In other words, at times even simple acts of "law and order" problem on account of their gravity and the manner or circumstances in which they occur may result in disturbing the "public order" if they create a sense of insecurity in the public mind.
In view of the above, the distinction between "law and order" and "public order" is very fine and at times it may be overlapping.
It is in the light of the above legal position that we have been called upon to examine if the acts of the petitioner as disclosed in the grounds of detention are in context with the maintenance of "public order" or they relate to the maintenance of "law and order" situation.
The facts and the grounds stated in the grounds of detention communicated to the petitioner by an large may be in connection with the illegalities committed by the petitioner in purchasing the acquired land of the GNIDA, raising unauthorized constructions with substandard material and as such may fall within the ambit of the "law and order" situation but at the same time, the satisfaction of the District Magistrate as to the apprehension that on account of substandard unauthorized constructions, there may be a possibility of some similar incident as had happened in the past in connection with some other building causing some human casualty resulting in public outrage is certainly a matter concerning "public order", affecting the even tempo of public life.
Moreover, the likelihood of the petitioner indulging in illegal sale of the remaining flats and in provocating the buyers/public at large to agitate and sit on "dharna pradharshan" to get these illegal constructions regularized or compounded, would ultimately disturb the tranquillity and the peace of the locality, and is sufficient enough to make out a case of disturbance of "public order".

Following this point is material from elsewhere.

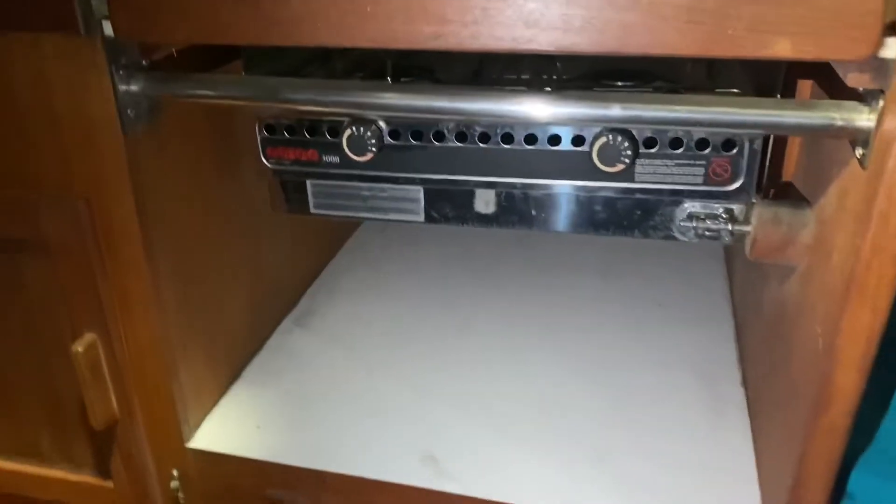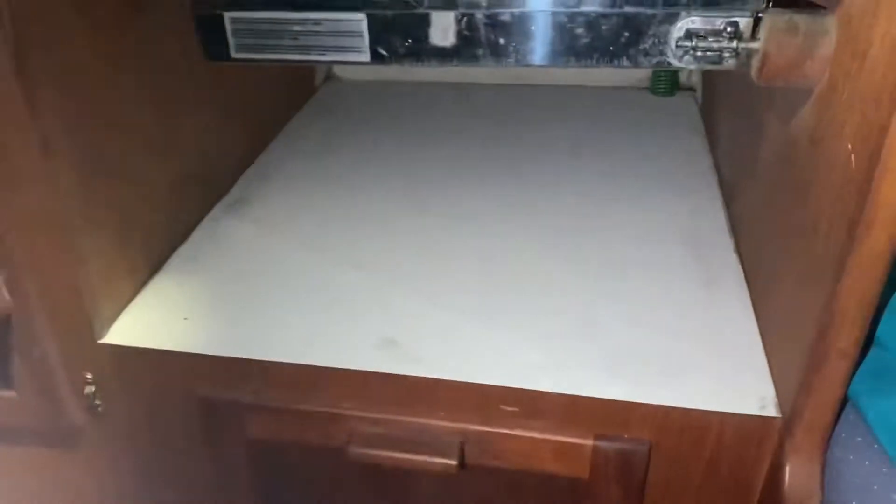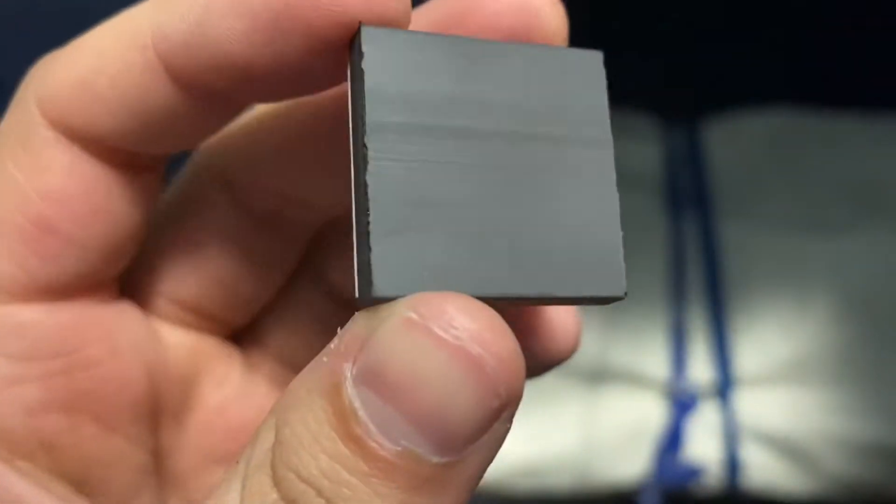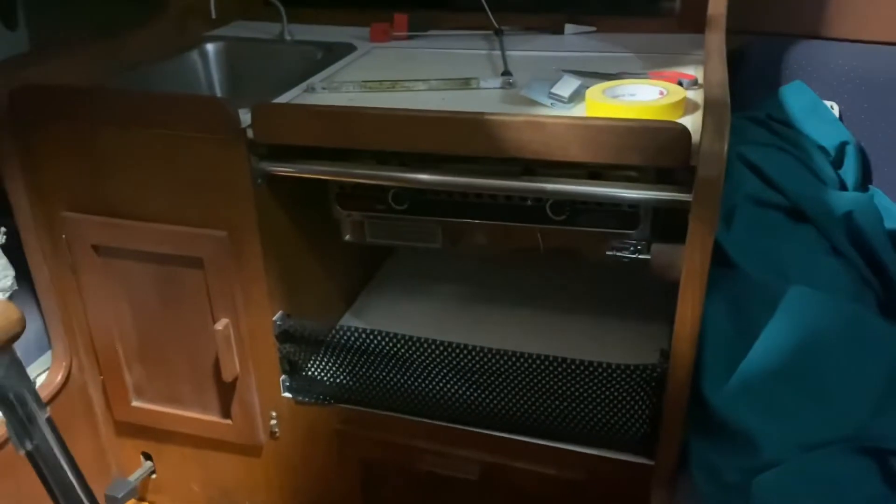I'm trying to add a netting so that when the boat's heeling, all of our food and supplies don't fall off. I have this material — it's a little blinding — this net, and I'm going to try to use magnets to attach it. These are just magnets with a sticky adhesive that I'm putting onto the inside of that little cupboard, and then attaching smaller magnets to the netting so it'll be easy to remove. Here's the finished project — pretty basic, just so our bread, paper towel, and plates don't fall.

The relevant part of the impugned order recording the precise ground and satisfaction that the activities of the petitioner are prejudicial to the public order is reproduced hereinbelow for convenience-:
"उपरोक्त facts and circumstances से स्पस्ट है की मा० उच्च न्यायलय के द्वारा यथास्थिति के आदेश के उपरांत भी बिना ग्रेटर नॉएडा प्राधिकरण के ले-आउट प्लान पास कराये, बिना भवन का नक्शा पास कराये आपके द्वारा भवनों का निर्माण किया गया। अविधिक रूप से बनाये गए फ्लैट्स जो किसी प्रकार की structural stability का प्रमाण पत्र प्राप्त किये बिना इन कमजोर भवनों को वैध और मजबूत बताते हुए निर्दोष एवं आवास आवस्यक्ताओं के कारन विवश खरीदारों को व्यापक स्तर पर बेचे गए है। १७ जुलाई २०१८ जिसमे की इसी क्षेत्र में भवनों के गिरने से ०९ लोगो की मृत्यु हुई है की तरह कभी कोई दुर्घटना व्यापक स्तर पर घट सकती है। आपने लगभग ९२ फ्लैट्स अभिलेखों हिसाब से अभी तक विक्रय नहीं किये है, को जेल से छूटने के बाद इन्हे बेचने का पूरा प्रयास रहेगा। पिछले एक वर्ष से ग्राम शाहबेरी में ऐसी बिल्डिंगो को नियमित करने के लिए वहा के स्थानीय बायर्स द्वारा लगातार आंदोलन किया जा रहा है। यह आंदोलन कई प्रकार से पब्लिक आर्डर को पूरी तरह से डिस्टर्ब करने की स्थिति में भी परिवर्तित होता है। ऐसे भी तथ्य आ रहे है जिसमे आप जैसे बिल्डर्स स्थानीय बायर्स को उकसाकर इस तरह के आंदोलन करवा रहे है। हाल ही में ग्रेटर नॉएडा प्राधिकरण द्वारा आई० आई० टी० दिल्ली को इन भवनों के structural stability के बारे में शीघ्र ही स्टडी करने के लिए कार्य दिया गया है जो पूर्ण हो चूका है, अगले कुछ ही दिनों में यह स्टडी रिपोर्ट प्राप्त हो जाएगी परन्तु व्यापक स्तर पर विभिन्न माध्यमों से जनता के बीच में perception बना है, वह भवनों के काफी कमजोर होने के तथ्य की ओर इंगित कर रहे है इससे लोक जीवन में भय के वातावरण का संचार हो रहा है, ऐसी स्थिति में उपरोक्त facts and circumstances के आधार पर मेरा यह निश्चित मत है की यदि आप छूटकर बाहर आएंगे तो अपने बचे हुए भवनों/फ्लैट्स को बेचने का पूरा प्रयास करेंगे। आप स्थानीय बायर्स को इन भवनों के नियमित करने के वर्तमान आंदोलन को उकसाने का प्रयास भी करेंगे, आप आई० आई० टी० दिल्ली द्वारा की जा रही तथ्यात्मक स्टडी को influence करने का प्रयास करेंगे। इन सभी स्थितियों में लोक व्यवस्था व्यवधानित होने की व्यापक सम्भावना है। उपरोक्त परिस्थितियों में balance of convenience भी आपके पक्ष में नहीं है तथा आपके सभी कृत्य एवं संभावित कृत्य जैसा की उपरोक्त वर्णित किया गया है, सभी प्रकार से Maintenance of Public Order के prejudicial है, तथा लोक हित के एवं लोक व्यवस्था के सर्वधा प्रतिकूल है।"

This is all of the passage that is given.